How to (really) trust a mathematical proof

The one source of truth is mathematics. Every statement is a pure logical deduction from foundational axioms, resulting in absolute certainty. Since Andrew Wiles proved Fermat’s Last Theorem, you’d be safe betting your life on it.

Well … in theory. The reality, though, is that mathematicians make mistakes. And as mathematics has advanced, some proofs have gotten immensely long and complex, often drawing on expertise from far-flung areas of math. Errors can easily creep in. Furthermore, some proofs now rely on computer code, and it’s hard to be certain that no bug lurks within, messing up the result.

Bet your life on Wiles’ proof of Fermat? Many mathematicians might decline.

Still, the notion that mathematical statements can be deduced from axioms isn’t hooey. It’s just that mathematicians don’t spell out every little step. There’s a reason for that: When Bertrand Russell and Alfred North Whitehead tried to do so for just the most elementary parts of mathematics, they produced a 2,500-page tome. The result was so difficult to understand that Russell admitted to a friend, “I imagine no human being will ever read through it.”
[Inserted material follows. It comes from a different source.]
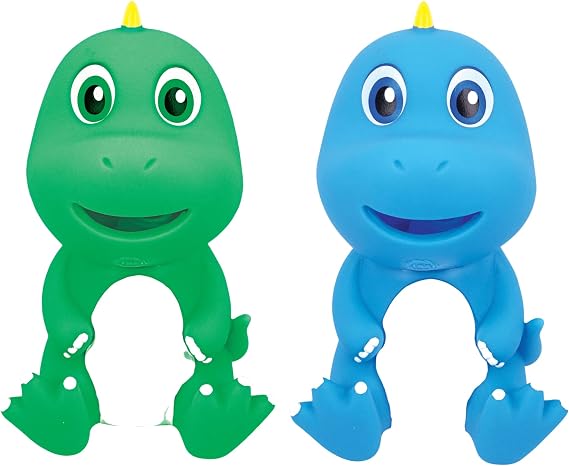 Baby Toys Squeaky Toy Squeeze Party Favors Toys for Boys Novelty Toys & Amusements Screaming Rubber Gag Gifts Small Animal Toys Funny Dog Toys 6-8In Baby Sensory Toys 2PK(Squeeze Me Dino 2PK)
Where humans falter, computers can sometimes prevail. A group of mathematicians and computer scientists believe that with new proof-validation programs, the dream of a fully spelled-out, rigorous mathematics, with every deduction explicit and correct, can be realized.
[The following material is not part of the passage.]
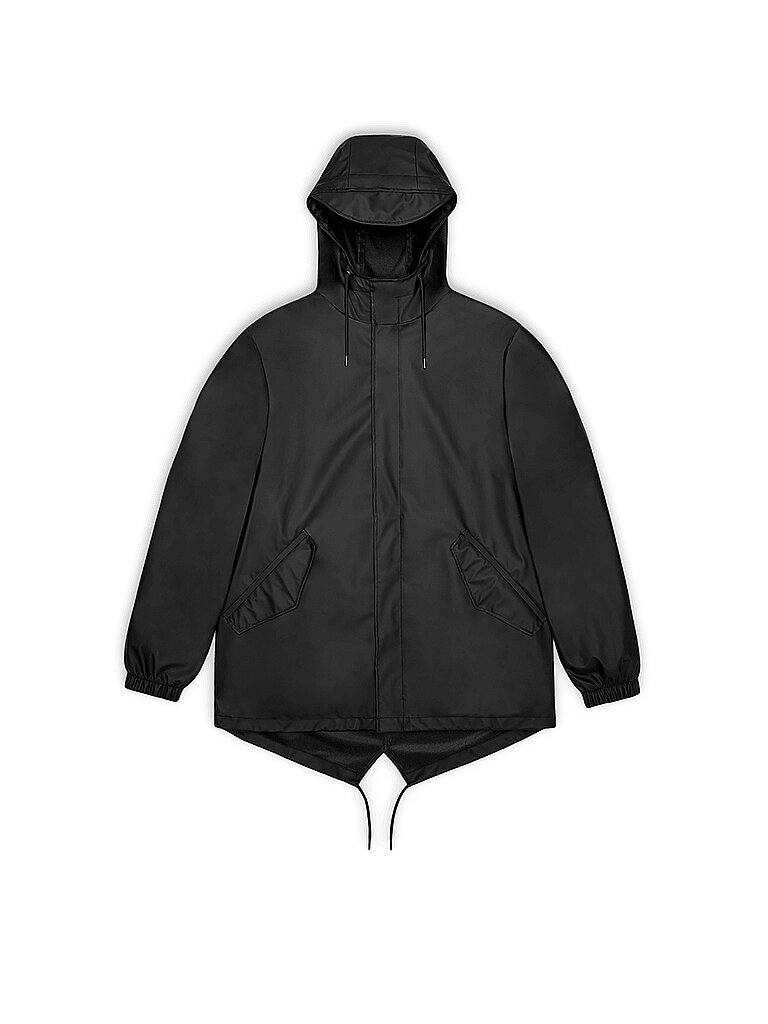 Regenjacke schwarz S herren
Indeed, Freek Wiedijk of Radboud University Nijmegen in the Netherlands says a revolution is already occurring. He writes in the December Notices of the American Mathematical Society that in the future, “most mathematicians will not consider mathematics to be definitive unless it has been fully formalized.”

The first proof-validation programs were created more than 20 years ago. Until recently, though, they were so cumbersome that the only users were the researchers who had created and were trying to improve them. Furthermore, even those researchers were only tackling relatively simple theorems. In the last five years, though, those users have finally been able to verify some remarkably complex and difficult proofs. Before long, they say, ordinary mathematicians will be using these tools as part of their everyday work.
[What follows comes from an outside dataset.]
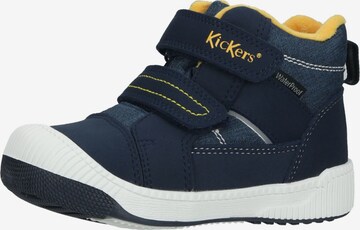 Kickers Laarzen in Blauw: voorkant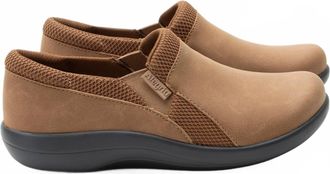 Alegria Womens Duette Shoes In Washed Cognac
Perhaps the most remarkable success so far came in 2004, when Georges Gonthier, a computer scientist at Microsoft Research in Cambridge, England, verified the proof of the four-color theorem by computer. The problem dates back to 1852, when a college student noticed that only four colors were needed to fill in a map of the counties in England such that no adjacent counties shared a color. It took until 1976 to mathematically prove that four colors were enough for any map. That proof was more than 500 pages long and relied on computers to check nearly 2,000 special cases. Many mathematicians objected to the proof because it was impossible to check by hand.

Gonthier used a proof-checking software package to formalize the entire proof, reducing both the text and the software for the special cases to an enormously long series of simple deductions.

Of course, if the proof-checking software itself has bugs, Gonthier’s verification of the four-color theorem itself could be invalid. To guard against this possibility, the designers of the proof-checking software make the “kernel” of code that implements the axioms and rules of inference as short and simple as possible. One program, HOL Light, has fewer than 500 lines of code in its kernel, few enough that humans can check it by hand. John Harrison, the creator of HOL Light, has also checked the code using other formal proof-checkers!

The software may not be able to produce perfect certainty, but Thomas Hales, a mathematician at the University of Pittsburgh, calls the four-color theorem “one of the most meticulously verified proofs in history.”

Hales is one of the first working mathematicians to embrace the proof-checkers, because he ran up against the limits of mathematical certainty himself. He proved the Kepler Conjecture in 1998, which is another theorem that is simple to state but remarkably hard to prove. The Kepler Conjecture says that the pattern grocers use to stack oranges packs the most oranges into the smallest space. As with the four-color theorem, Hales used a computer to check many, many special cases, and the proof consisted of 300 pages of text and 40,000 lines of computer code.

When he submitted his result for publication, he received only a qualified acceptance. The letter from the editor explained that “the referees put a level of energy into this that is, in my experience, unprecedented.” Nevertheless, the referees ended up only 99 percent certain that the proof was correct. The referees were unable to check the computer code at all.

Hales decided that 99 percent certainty wasn’t good enough for him. He started the “Flyspeck” project (named from the acronym FPK, for Formal Proof of the Kepler Conjecture) to formalize his entire proof. When he began, he estimated that it would take 20 person-years to complete it (i.e., one person working for 20 years, for example, or 10 people working for two years). He says now that he is about halfway through, and his team has indeed devoted about 10 person-years.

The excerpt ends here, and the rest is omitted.